I canoni di bellezza non sono mai statici, ma cambiano e vengono influenzati dalle epoche e dal momento in cui l’essere umano vive. Seguono e rappresentano il tempo in cui essi stessi vengono vissuti.
Il corpo femminile, dalla Venere di Willendorf alle donne rinascimentali
Una delle prime e più famose rappresentazioni di un corpo femminile è la Venere di Willendorf. Questa statuetta scolpita in pietra calcarea e dipinta in ocra rossa, è alta all’incirca 11 cm e rappresenta un corpo femminile abbondante, con pancia, seni e glutei enormi. Un corpo grosso era venerato e considerato socialmente bello in molte società anche successive. Una donna formosa dava infatti l’impressione di essere sana, capace di procacciare il cibo per sé stessa e per la futura prole.
Questa visione della donna florida è perdurata anche in epoche successive, come quella greca, ma anche quella medievale e rinascimentale. Specialmente in periodi di carestia, questa caratteristica era riconosciuta positivamente poiché dava l’idea di geni forti e pronti a superare anche le avversità ambientali. Diversa era invece l’opinione sul volto, che, se in epoca preistorica aveva poca importanza, nei periodi successivi è diventato simbolo.
L’estetica maschile: è bello ciò che è forte
Pensando alle rappresentazioni maschili delle statue greche, si pensa subito alla bellezza dei muscoli, che paiono scolpiti quasi naturalmente nel marmo. In periodi storici dove l’occupazione principale di un uomo era la guerra, un corpo muscoloso e prestante era certamente da considerare bello, poiché ai muscoli si collegava immediatamente il successo fisico in battaglia. La forza come sinonimo di bellezza si è riscontrata anche nel Medioevo: un uomo che aveva il volto segnato da cicatrici era considerato più interessante, poiché aveva su di sé i segni delle sue eroiche gesta, visto che quasi sempre erano ferite procurate in battaglia.
Le Guerre Mondiali e il successivo boom economico
Con la crisi economica e sociale tra le due Guerre Mondiali, la visione della donna ritorna a essere quella antica: florida, formosa, icona di forza e di resilienza.
Il modello cambia radicalmente con gli anni Sessanta e Settanta. I vestiti di alta moda erano pensati principalmente per fisici alti, longilinei e androgini.
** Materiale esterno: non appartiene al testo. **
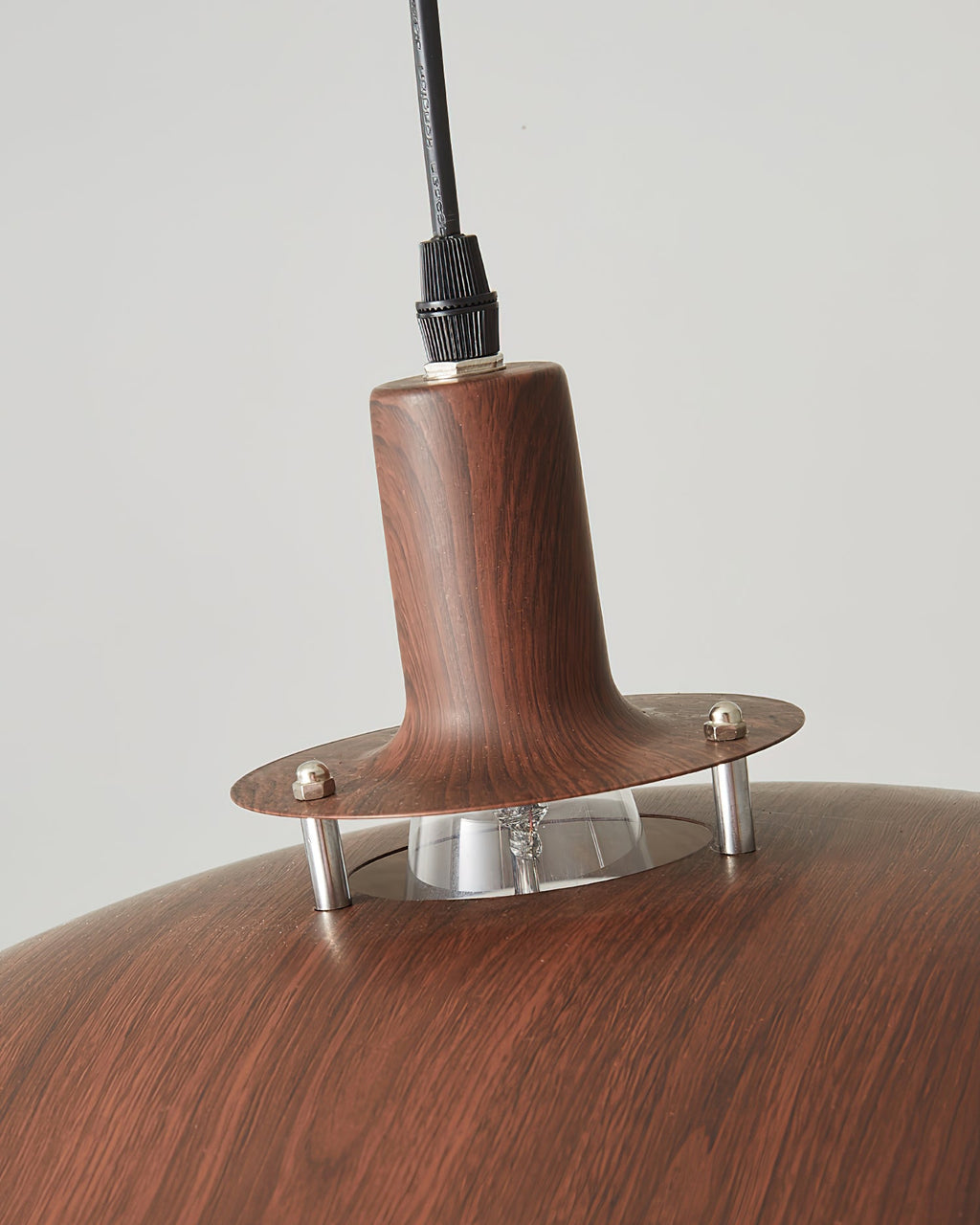 Chesterfield Luminaire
La modella Twiggy divenne così un modello di bellezza . Questo immaginario dei fisici statuari delle modelle continuò fino ai primi anni Duemila, con esempi come Kate Moss e Naomi Campbell.
I canoni di bellezza 2.0
L’inclusività controcorrente
L’esposizione massiva del Web ha portato a dei fenomeni di denuncia e di lotta a favore di una normalizzazione del corpo umano e dei difetti. Basti pensare a modelli recenti come Armine Harutyunyan, la modella armena di Gucci, o a Frances McDormand, l’attrice premio Oscar. Le due donne hanno esposto con orgoglio i loro volti non canonici o i loro segni d’età e culturali, sottolineando che quello che stavano trasmettendo era il loro talento a prescindere dall’aspetto estetico.
Il benessere del mondo occidentale ci ha portato inoltre a considerare irrilevanti aspetti che ritenevamo potenzialmente discriminanti in periodi storici differenti, come l’abbronzatura o il colore della pelle in generale.
Diversi canoni di bellezza aiutano la specie
L’inclusività mentale e sociale e l’unione di diverse popolazioni hanno portato perciò anche a un rafforzamento della specie umana, portando ad apprezzare di più a livello estetico quello che prima poteva essere considerato “diverso”.
Il mito del bello
La riflessione filosofica sulla bellezza è sempre stata un tentativo di cogliere e spiegare l’intensità e le emozioni che una situazione, un oggetto, una persona ci trasmettono. Per questo motivo, non si può considerare la bellezza come un valore assoluto. L’estetica, infatti, viene definita “scienza delle sensazioni”, ed è per questo che definire ciò che è bello significa determinare come una cosa o una persona ci fanno sentire.